Wednesday, July 21, 2010

Heading to Montana

I was sitting in the middle seat on a totally full plane heading to a family reunion in Montana. Other than my sister Elaine and her husband Dominique (who I don't see very often), I hadn't seen or talked to any of these people in 25 years or more. It didn't seem like family. It felt like barging in on some other family's get together.

I'm not the sort of person who is any good at small talk. Social situations with large numbers of people are very energy draining. Even more so if they're strangers who all know each other.

Looking through the plane window, it always seems like the plane is barely moving, but before you know it, you find yourself far away.

It's a cliche to say time is like that. But it is like that.

It must have been forty years since I was a child at my grandfather's farm in Idaho. It sat in a narrow valley between two mountains, with a shallow creek running through. I remember it as mostly dry prairie grasses with a few trees here and there. There were two houses side-by-side made of what seemed like weathered wood within some sort of fenced in yard with a straight concrete walkway to a simple gate.
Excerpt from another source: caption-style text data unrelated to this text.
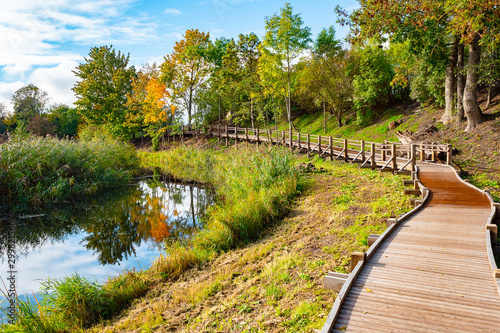 Wooden footpath along a small river. Beautiful natural landscape. photo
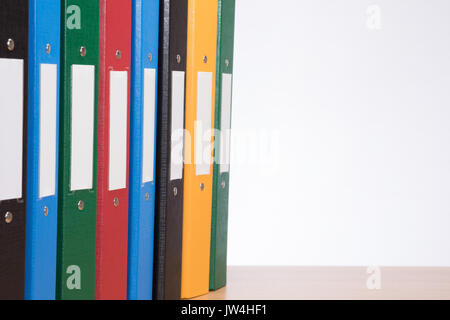 Nahaufnahme von einer Reihe von bunten Office Dokument Ordner auf einem Holz Regal mit weißem Hintergrund und Kopieren. Stockfoto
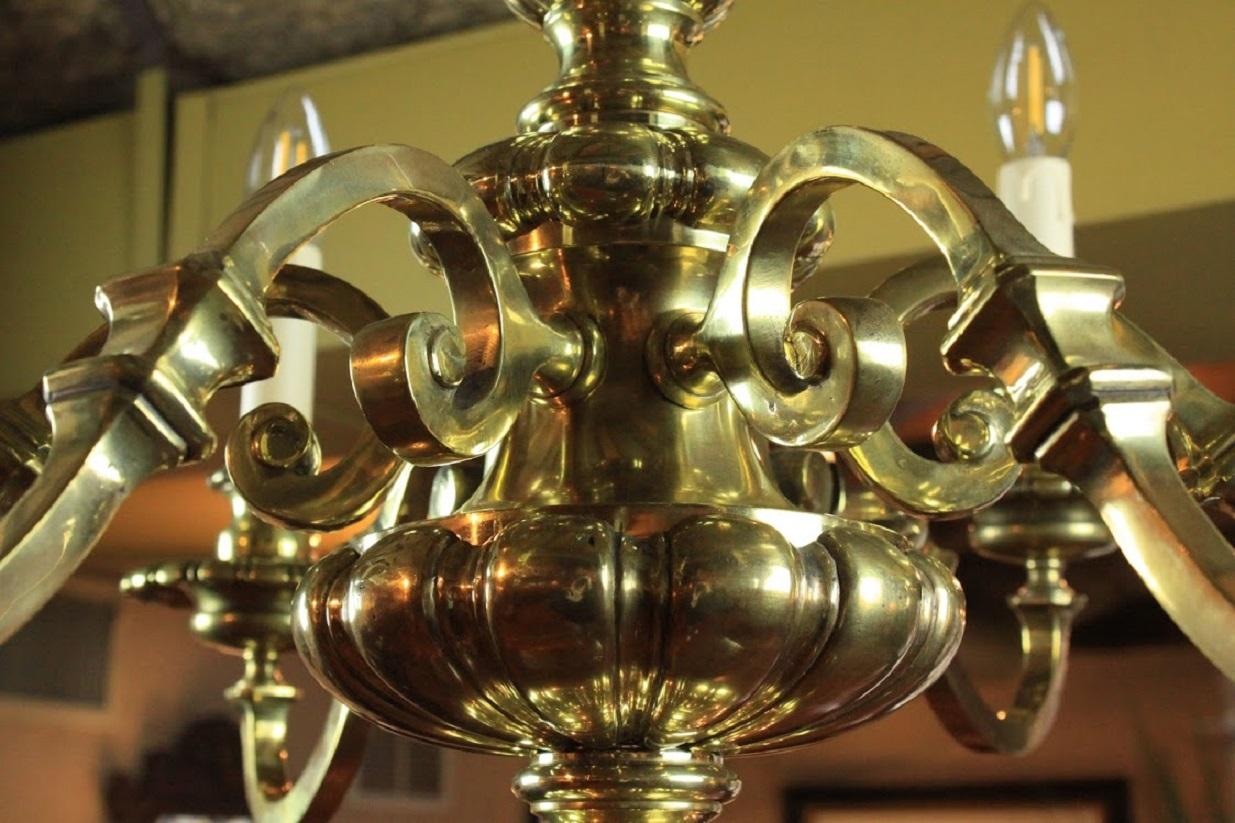 English brass chandelier with ball and looped top above a lobed vase shaped stem. Six scrolling arms with knobbed centers. Stem is finished with orbs and a finial.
A short dusty gravel private road led down to the slaughterhouse where the cows were butchered. I would sit on a wooden bench watching it all, maybe even eating a Wonder Bread peanut butter sandwich. It was like a live B-movie slasher film, with shows daily. Always the same show, different cow. My Grandpa Joe and Uncle Wendell and maybe others, I don't recall, perpetually in overalls, they'd be hacking and sawing away to the same script each time.

I remember my grandmother as being soft-spoken, down to earth, offering short bits of advice to do some-sort-of-thing or else some other bad thing would happen. My grandfather was happy, easy-going, he always seemed like he had everything already figured out. He'd walk down to the creek and toss the rocks around for a few minutes, then go back to the endless work that the farm seemed to demand.
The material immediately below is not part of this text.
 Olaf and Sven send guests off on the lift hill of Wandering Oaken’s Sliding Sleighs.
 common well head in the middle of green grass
I remember Uncle Wendell (I don't even know if that's the right spelling!) lived in the other house along with two kids... was it Joey and Tracy? I never saw the inside of the house: It was one of the great mysteries of the farm, along with whatever was in the musty smelling cellar, the supposedly terrifying insects hiding among the unexplainable implements in the shed, and the Indians living beyond the edge of the farm who I seem to recall would arrive to take away the parts of the butchered cow that no one wanted. I don't remember much about Wendell except that he seemed like an easy-going, hard worker like my grandfather, both of them seemed tall, thin, and sturdy. I vaguely remember Joey, who was around my age, and Tracy, an older kid.
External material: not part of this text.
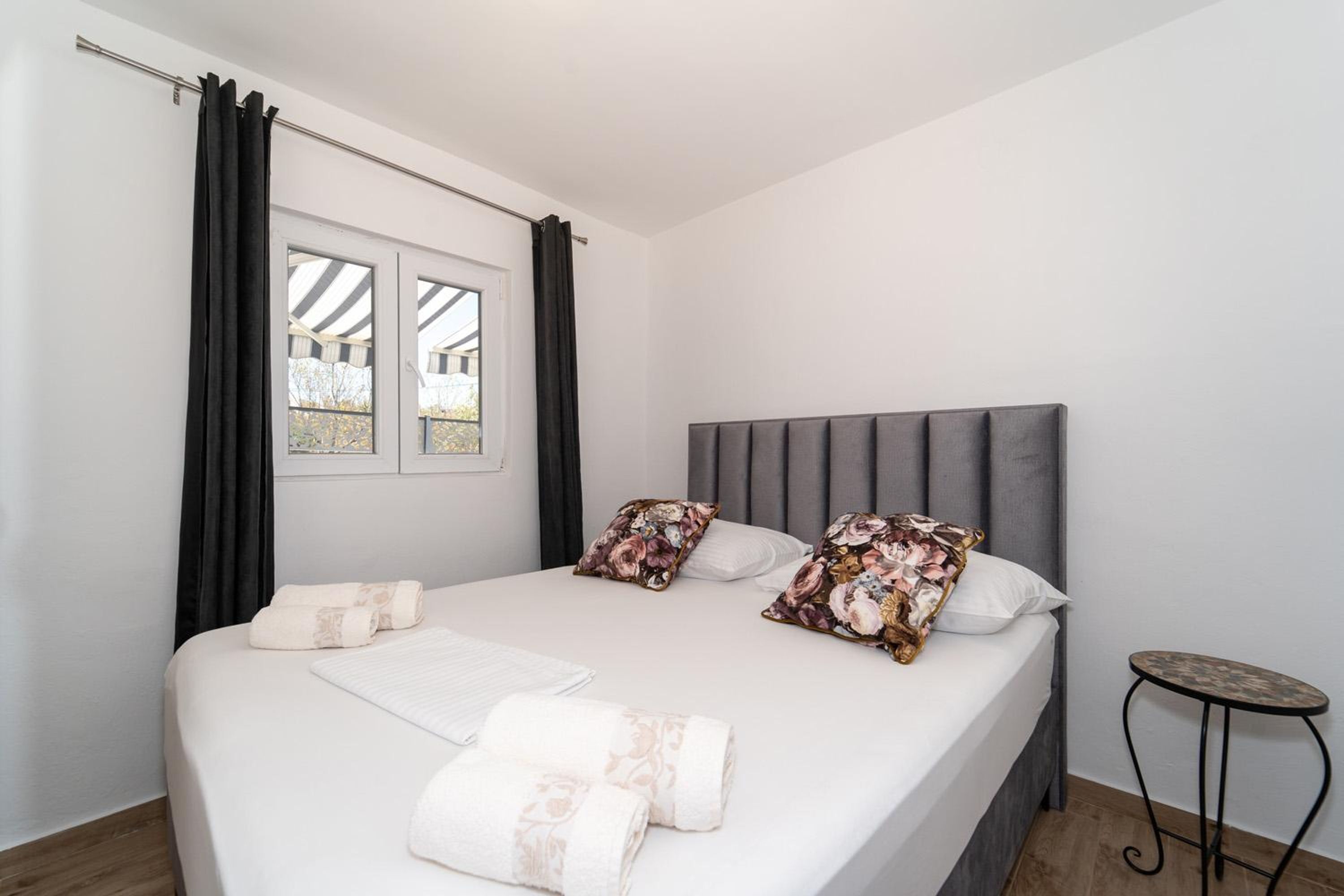 Een keurig opgemaakt bed met bloemenkussens, een klein rond tafeltje en een raam met gordijnen.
Everything in the valley gently sloped upwards toward the mountain on one side. More of a hill than a mountain, really. It always seemed to me like you could simply walk up to the top without any trouble. I remember the adults and older kids did, but I never recall anyone saying what was up there. To me, it was another great mystery of the farm.

My branch of that family had moved to Los Angeles and it just seemed like the farm and the people there grew further away with every year.

I navigated through all the years since then with varying results. Lots of things I wish I'd done differently. Lots of things I'm glad I did differently: I've never fit anyone's idea of what a person ought to be or do. People ask where I'm from and I don't have any answer they're looking for. They're really not asking what location you lived in, they're trying to figure out what tribe you belong to.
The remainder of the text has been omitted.